Tundra AssetAPI got a new "asset bundle" concept. This means that we now have a notion of assets that actually serve other assets. When I made this I thought "bundle" might be good name for it. Anyways, the new plugin ArchivePlugin implements one such bundle type that knows how to handle .zip files and provide sub assets from inside of it. This is all done via the new IAssetBundle interface and we can add other types of bundles in a similar fashion with other plugins in the future.
I guess I went into little too much detail there, here is how you use them: Any asset reference in Tundra can now point to inside a zip file, and I do mean any, its totally transparent to the code that is using/requesting the assets.
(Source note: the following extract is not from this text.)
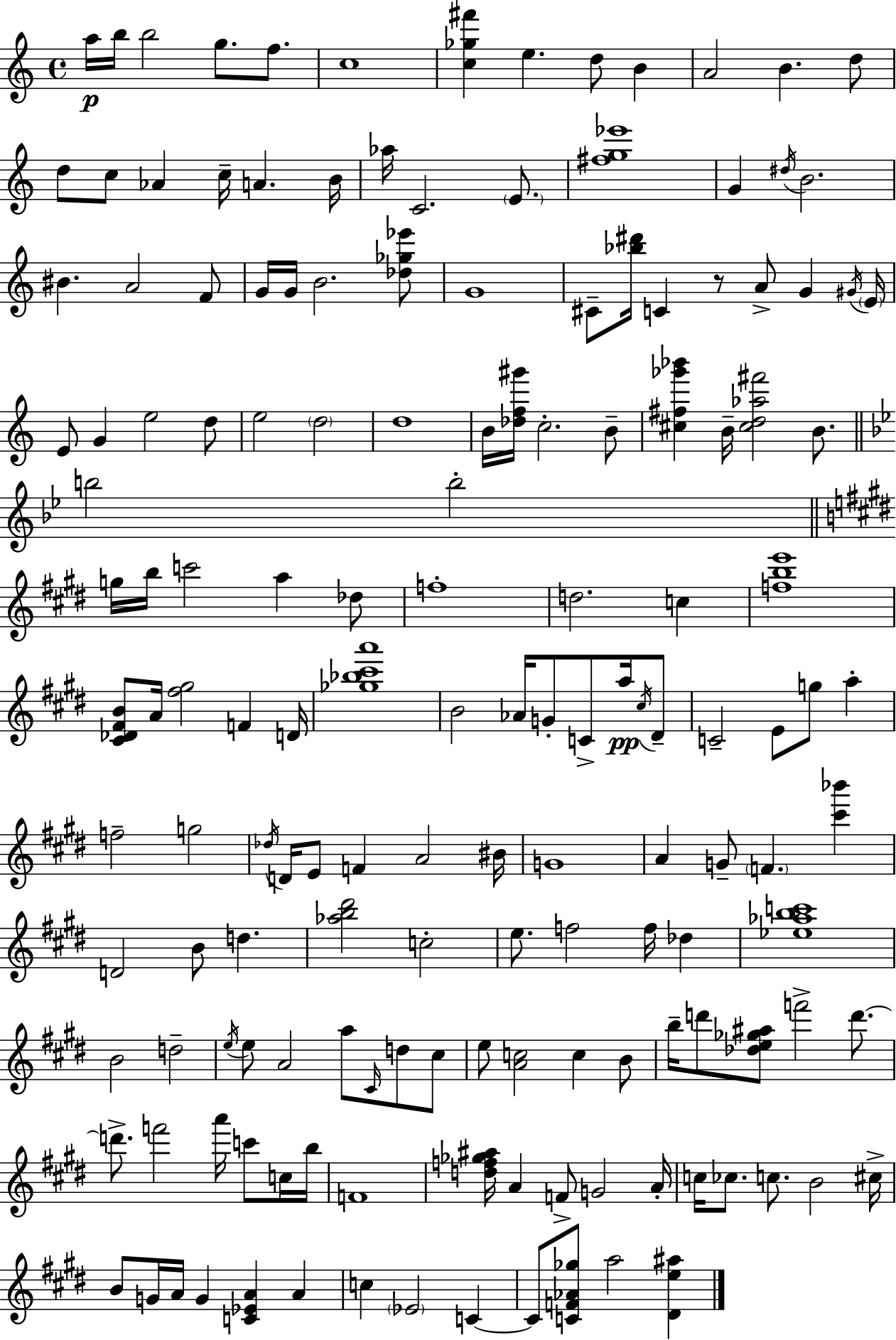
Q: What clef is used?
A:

So for example you have a Mesh component that has:
wall.mesh as the mesh ref
wall1.material and
wall2.material as the material refs
And lets say wall1.material has a texture ref of wall1.png and wall2.material wall2.dds
You can now zip all these files into for example myassets.zip (you decide the name, it can be anything). Then you change in your .txml or change them live in Tundra and save to a new .txml the refs to be like this:
myassets.zip#wall.mesh
myassets.zip#wall1.material
myassets.zip#wall2.material
You are done. You don't have to modify the texture references inside the materials, but the textures need to be inside the zip file next to the materials. You can also do sub folders inside your zip files, for example meshes/wall.mesh and materials/wall1.material and make the asset refs to myassets.zip#meshes/wall.mesh etc.
Now when Tundra goes to look for these assets, its going to fetch the zip file and then get the assets from there. And of course this zip can be put to the web in which case your refs would be in the form of
http://www.mysite.com/assets/myassets.zip#wall.mesh. The benefit of zipping up your assets is maxed when you use http assets. A major point of this feature was to dramatically reduce HTTP requests to the web, this will save a lot of time if you have hundreds or thousands of (small or big) web asset refs in your scene. Now you bundle everything into a single zip, we make one request to the web. Additionally the content is compressed which makes the download faster as well. One downside is that if you change, add or remove file(s) inside the zip file, our asset system will detect it has changed and refetch it from the web. This might mean a big download even if a small material file was modified/added/removed. So you might want to zip things up only after you know they wont be changed frequently. If the zip has not changed in the web source, we dont download anything but use the cached zip file and its contents.
I've seen dramatic improvements when porting scenes into zip files. I recommend it if you are using web refs and have big number of assets. For local development it wont matter too much as no downloads are made. Of course there as well it might make a difference in keeping your scenes working dir looking nice/clean and when you do put the scene to the web its already packaged.
Let me know if you have any more questions.